204 / L’école, le système et nos enfants…

Vous avez été assez nombreux à réagir en voyant mon bureau rangé le reportage sur BFM TV dans lequel j’apparaissais le mois dernier, alors plutôt que de vous répondre séparément en MP, je vais essayer d’être le plus claire possible ici (<= ok, j’ai un mois de retard…). Si, toutefois, j’oublie quelques points, ou que vous avez des questions, n’hésitez pas à poster des commentaires au bas de cet article, histoire que le plus grand nombre en profite.

Well… Tout a commencé quand, à peine sortie des bancs de la Fac, heureuse, la satisfaction d’un chouette parcours en poche et la curiosité toujours intacte, chevillée au corps, je m’apprêtais à devenir ethnologue… J’avais la vingtaine rêveuse.

Parcours classique dans une petite école de province. Des instits passionnés, passionnants. Mais surtout, bienveillants. J’y reviendrai…

Fin de CM2, je ne parlais pas un mot d’anglais, je ne savais pas davantage qui a peint la Joconde, mais je savais parfaitement lire, écrire et compter. Parfaitement ? Oui, du CM1 au CM2, mes instits nous donnaient comme « uniques » devoirs, chaque soir, un verbe à conjuguer (aux 4 temps simples ainsi qu’aux quatre temps composés) + 4 opérations (une addition, une soustraction, une multiplication et une division). Chaque soir, donc. J’y passais une heure.

Quand ma mère rentrait le soir, elle passait la tête dans notre chambre, nous demandait si nous avions fait nos devoirs. On avait intérêt à répondre par l’affirmative, et il valait mieux que ce soit vrai…

Au collège ? La suite, sur un rythme plus intense forcément. Découverte de l’anglais en 6e (Where is Brian ? Brian is in the Kitchen !) On n’avait pas de replay en VO, pas d’applis fabuleuses pour réviser, on avait nos cours, rien que nos cours. J’ai poursuivi l’anglais jusqu’à la Fac d’ailleurs. Je ne suis pas totally bilingual mais je peux parler d’à peu près n’importe quoi à n’importe qui, pourvu que ce n’importe qui ne parle pas trop vite. Avec mes copines, on bossait assez dur au collège. Je me souviens des rédactions et des fiches de lecture à rendre très régulièrement. Des livres à lire donc. On ne bronchait pas parce qu’une fois de plus, les profs étaient vraiment au top. Et quand bien même j’ai envie de vous dire, il ne nous serait pas venu à l’idée d’aller dire à nos parents le prof donne trop de devoirs, il n’est pas sympa, il met 3 semaines à rendre nos copies corrigées… On n’avait pas à discuter. On allait en cours, on travaillait…
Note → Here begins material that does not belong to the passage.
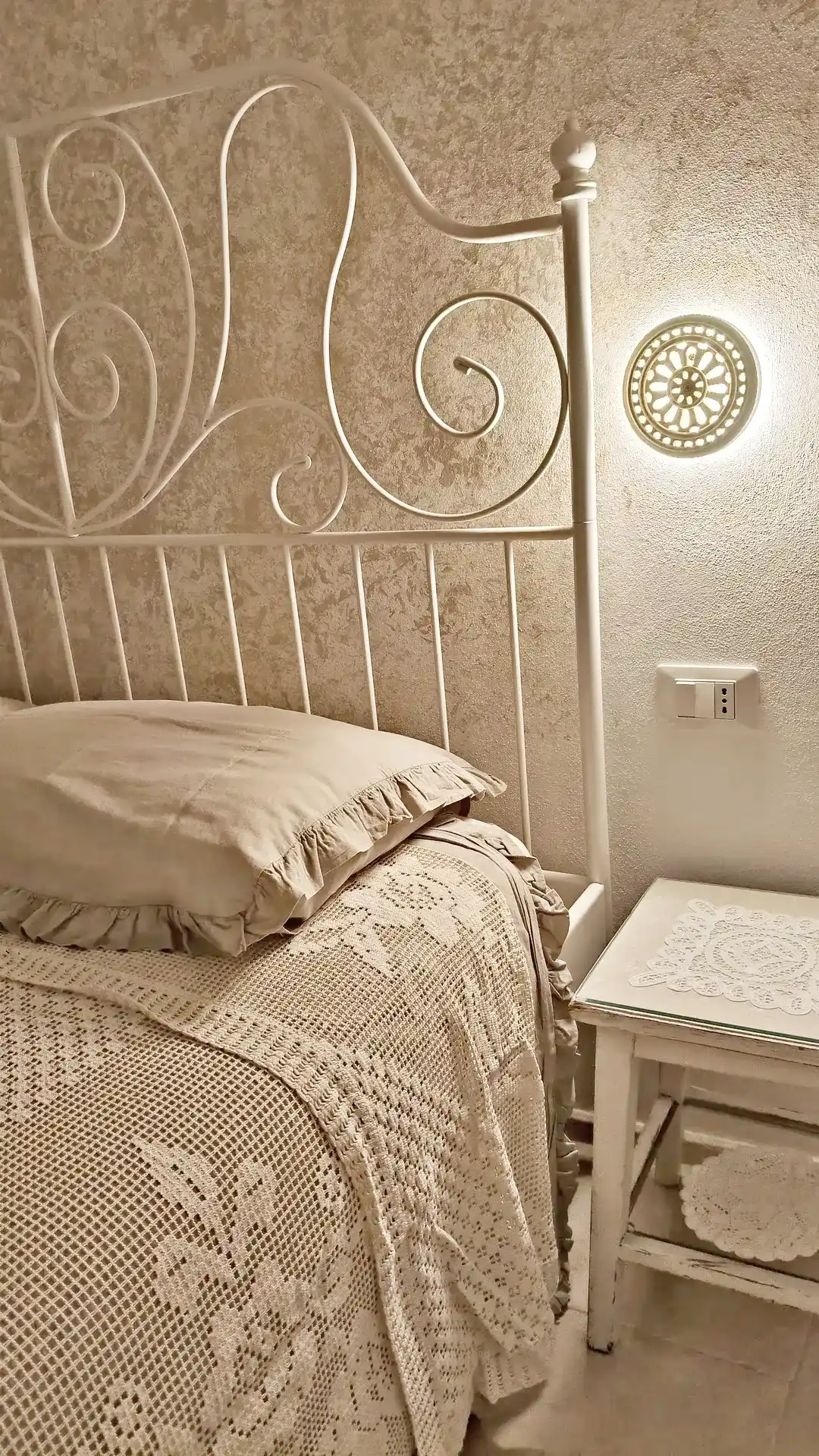 Particolare letto matrimoniale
Pour autant, de mémoire, il y avait chaque année, un, peut-être deux élèves en difficulté. Collège pour tous mi amor, mais pas lycée pour tous… alors quelques-uns ont arrêté l’école en fin de 3e, s’orientant vers ce qu’on appelait déjà la voie professionnelle.

Au collège donc, les profs ont « ouvert » nos cerveaux, nous apprenant à étudier, disséquer des textes, des documents, découvrir des auteurs, et à t.r.a.v.a.i.l.l.e.r en autonomie… Oui, parce que ça s’apprend. Faire et refaire, suivre l’exemple et apprendre aussi à travailler en binôme. Déjà. J’ai adoré cette période. Honnêtement, les cases étaient confortables, pas très étroites alors je rentrais dedans sans problème.

Là, mes biquets, je vous parle d’un temps que les moins de vingt ans ne peuvent malheureusement pas connaître > j’ai 45 ans. On avait tous un sac US sur l’épaule et c’est d’ailleurs  la seule marque dont je me souvienne… Pas de baskets Nike ni de blousons Abercrombie. Zéro maquillage avant le lycée. Nada. Pas de portes qui claquent à la maison, on avait la rébellion silencieuse…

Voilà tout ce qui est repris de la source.